I'm looking for a solution to an integral equation:
Given a function $f(x)$, find a function $g(x)$ such that $$\int_0^1 \frac{g(s)}{x-s} ds = f(x), \forall x \in [0,1]$$ satisfies.
Function $f(x)$ is actually a series of trigonometric functions, but let us have a simple start, say $f(x)=\cos x$. The work I'm doing now is to solve the integral numerically using Gauss-Chebyshev quadrature. Then I discretize $x$ and have a system of equations, which will give me discrete $g(s)$. I just feel the tricky part may be the discretization on $x$ and $s$ as they have the same range, and this can really affect my result.
My questions are:
- Is there an analytical solution to $g(x)$ and is it unique?

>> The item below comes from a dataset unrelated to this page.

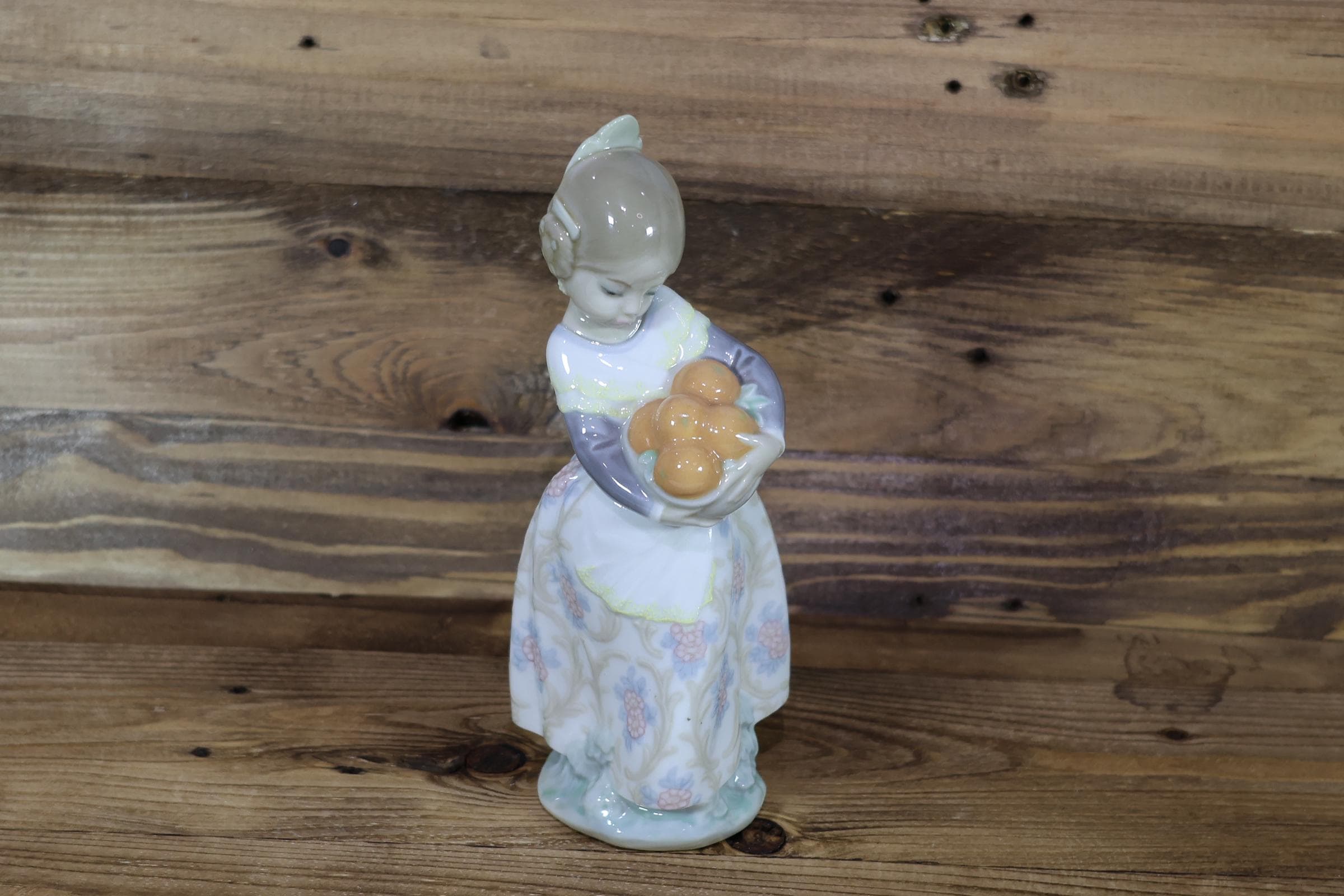 RARE VINTAGE RETIRED Lladro Valencia Girl With Basket of Oranges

- What would be a good treatment for the discretization to solve the integral?
Thank you for your time to reading this. Any thoughts will be appreciated.
To partially answer your question, referring to Singular integral equations - Estrada, Kanwal, section 3.2. The Cauchy integral equation $$P.V.\int_0^1 \frac{g(t)}{t-s} dt = f(s)$$ Has a solution given by $$g(s) = \frac{c}{\pi \sqrt{s(1-s)}} + \frac{1}{\pi^2 \sqrt{s(1-s)}} \int_0^1 \frac{\sqrt{t(1-t)}f(t)}{s-t}dt$$ where $c$ is an arbitrary constant. And thus, you have an analytic solution.
Another source that comes to my mind right now is the Handbook of integral equations - Polyanin Manzhirov, section 12.4-3, where it shows solutions to a similar equation in terms of the boundability of the solution. The downside of this one is it doesn't show any of the theory behind it, only states the solution.
That's what I can say by now.